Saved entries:
################

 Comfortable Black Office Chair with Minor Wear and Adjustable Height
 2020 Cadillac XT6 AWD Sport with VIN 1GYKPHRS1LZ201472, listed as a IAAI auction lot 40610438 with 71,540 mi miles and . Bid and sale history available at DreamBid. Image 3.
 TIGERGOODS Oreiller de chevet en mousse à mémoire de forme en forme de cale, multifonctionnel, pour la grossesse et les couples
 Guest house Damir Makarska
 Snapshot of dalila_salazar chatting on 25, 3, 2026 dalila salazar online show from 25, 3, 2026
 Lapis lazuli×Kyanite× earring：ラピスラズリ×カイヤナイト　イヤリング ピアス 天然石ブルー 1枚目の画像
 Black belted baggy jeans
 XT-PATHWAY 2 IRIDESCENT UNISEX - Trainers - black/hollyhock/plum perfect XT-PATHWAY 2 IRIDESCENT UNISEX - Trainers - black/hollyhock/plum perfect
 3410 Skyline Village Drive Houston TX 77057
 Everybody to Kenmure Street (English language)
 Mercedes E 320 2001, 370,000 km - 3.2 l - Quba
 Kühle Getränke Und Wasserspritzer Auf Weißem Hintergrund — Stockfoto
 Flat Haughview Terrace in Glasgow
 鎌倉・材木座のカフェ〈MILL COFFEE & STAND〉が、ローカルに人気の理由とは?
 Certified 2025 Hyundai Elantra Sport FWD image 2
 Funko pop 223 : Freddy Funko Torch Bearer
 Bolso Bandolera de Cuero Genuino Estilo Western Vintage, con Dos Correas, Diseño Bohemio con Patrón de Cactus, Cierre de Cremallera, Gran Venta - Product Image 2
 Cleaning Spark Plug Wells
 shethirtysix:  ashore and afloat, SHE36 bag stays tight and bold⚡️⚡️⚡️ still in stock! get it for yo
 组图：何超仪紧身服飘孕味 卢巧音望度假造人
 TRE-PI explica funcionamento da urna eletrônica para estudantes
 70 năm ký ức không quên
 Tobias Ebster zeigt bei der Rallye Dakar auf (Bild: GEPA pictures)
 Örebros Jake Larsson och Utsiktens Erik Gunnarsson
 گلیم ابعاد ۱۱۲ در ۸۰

################

Your assignment — Search term "with": return each line of the data that contains it.

Written solution —
 Comfortable Black Office Chair with Minor Wear and Adjustable Height
 2020 Cadillac XT6 AWD Sport with VIN 1GYKPHRS1LZ201472, listed as a IAAI auction lot 40610438 with 71,540 mi miles and . Bid and sale history available at DreamBid. Image 3.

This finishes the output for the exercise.